The current Peninsula Ports chair, and new Member of the Order of Australia, has been involved in farming and farm-related business all of his life, growing up on a farm at Kadina before moving to Moree, NSW, to develop a property with his three brothers and father.
"I was born and bred on a farm and went to Roseworthy College so it was ingrained in me from an early age to be involved in agriculture in some way, shape or form," Mr Crosby said.
"I spent the early years on the farm, but became very interested in the downstream area from the farm - the agribusiness sector.
"I could see that, from the point of view of agriculture generally, the connection into the marketplace was an area that was very expensive and had a big impact on the net farm income."
Agribusiness and advocacy for the sector have been where Mr Crosby has made his mark.
Over a long career, he estimates he has been a member of 100 different agricultural organisations and chaired about 50 of those.
His introduction to that side of agriculture came in the late 1980s when he joined a local branch of NSW Farmers.
Mr Crosby went on to become senior vice president of both NSW Farmers and the National Farmers Federation from 1992 to 1994.
He moved back to SA to take up the director's position with Elders and served in that role from 1993-99, while also finding the time to run an irrigated and dryland cropping and cattle enterprise at Lucindale.
Among a litany of other roles, he served as president of the Agribusiness Association of Australia on two separate occasions (1996-97 and 2004-08) - and was named a life member in 2019 - was chairman of the SA Committee during the implementation of the National Livestock Identification System from 2004-07 and was chairman of the Quarantine and Export Advisory Council for the Department of Agriculture from 2007-10.
Mr Crosby's impact has been felt across a number of sectors, chairing the SA Government Beef Industry Development Board from 2005-08, chairing the Wheat Industry Expert Group in 2008 and working as the general manager of the Dairy Authority of South Australia from 2012-16.
His previous awards and recognition include a Distinguished Alumni Award from the University of Adelaide in 2017 and an Award of Merit from the Roseworthy Old Collegians Association in 2018.
While he has an extensive list of roles, achievements and awards, Mr Crosby said there were two career achievements which he was especially proud of.
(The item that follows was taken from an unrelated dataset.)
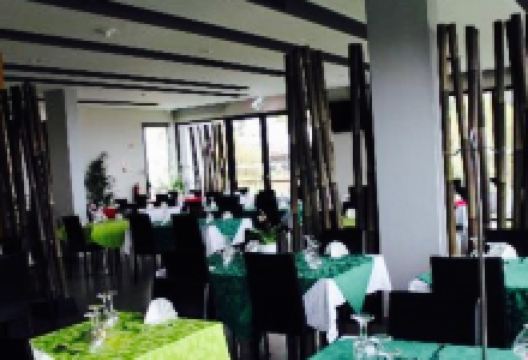 Restaurante Trianguloso美食图片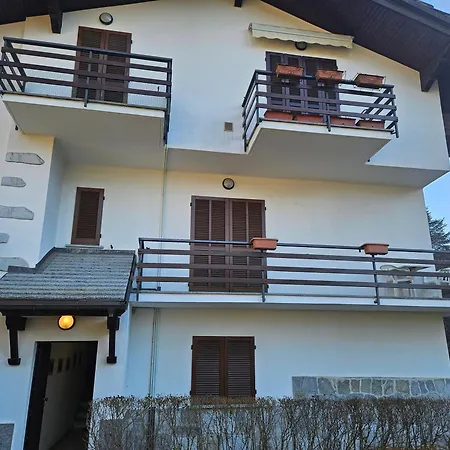 Apartment Trilocale A *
One, when he was part of the NFF, was being an integral player in convincing the Reserve Bank that very high interest rates seen during the '80s and '90s were counter-productive to long-term industries like agriculture.
"We formed a coalition and we continually condemned the Reserve Bank and the Government on their policies in that area and managed to get them to change them and start the period of lowering interest rates," Mr Crosby said.
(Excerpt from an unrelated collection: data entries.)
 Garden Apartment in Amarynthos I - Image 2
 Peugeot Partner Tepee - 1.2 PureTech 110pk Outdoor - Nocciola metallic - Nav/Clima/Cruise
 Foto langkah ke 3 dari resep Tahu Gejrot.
Mr Crosby, also while at the NFF, was a key player in the floating of Elders, which was part of Fosters at the time.
He hopes his third major achievement will be the building of the multi-commodity Peninsula Ports port on the Eyre Peninsula.
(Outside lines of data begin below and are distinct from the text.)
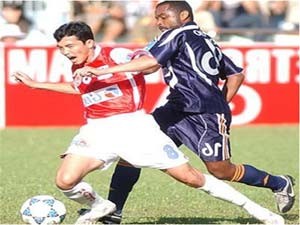 Vietnamese Footballers Lose Their Way As They Earn Money, Fame ảnh 1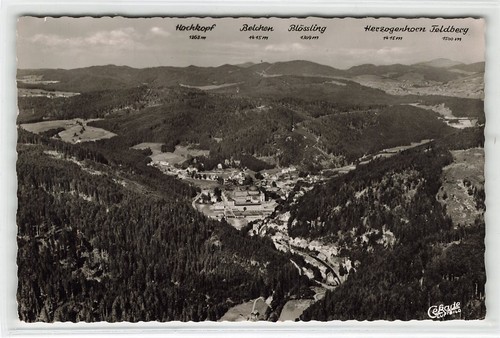 920217 blasien - ak,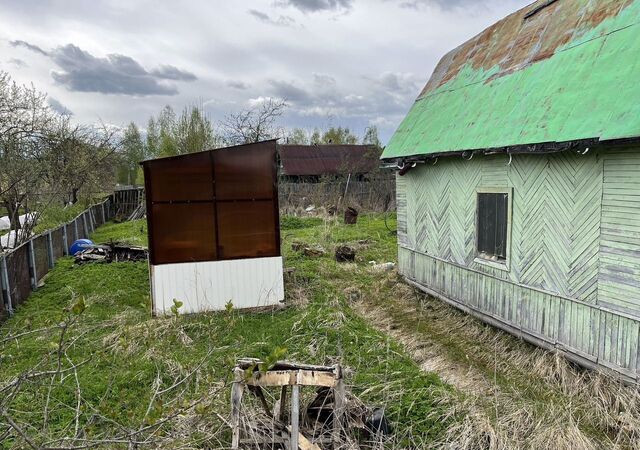 земля 2-я Садовая ул, Тверь, СНТ Радуга фото
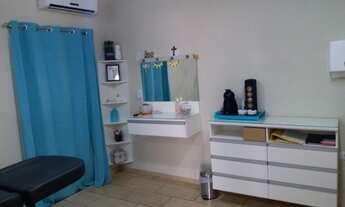 Imagem 3: Linda Casa Vila Bandeirante Com Edícula 175G2QM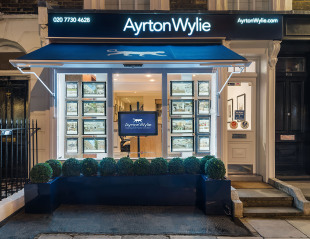 Ayrton Wylie, London- Lettingsbranch details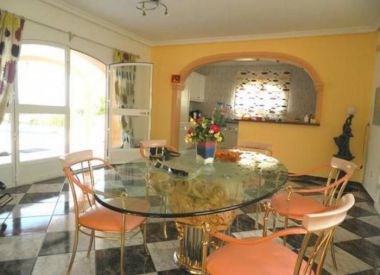 Villa in Calpe (Costa Blanca), buy cheap - 699 000 [68965] 6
While he tries to take on less of a workload these days, Mr Crosby still serves as chair of Peninsula Ports, chairs the Agribusiness Advisory Board at the University of Adelaide and is a patron of its Agricultural Education Fund.
He says his ongoing involvement in the University of Adelaide adopting such a major focus on agriculture, food, wine and agribusiness is something that gives him immense satisfaction.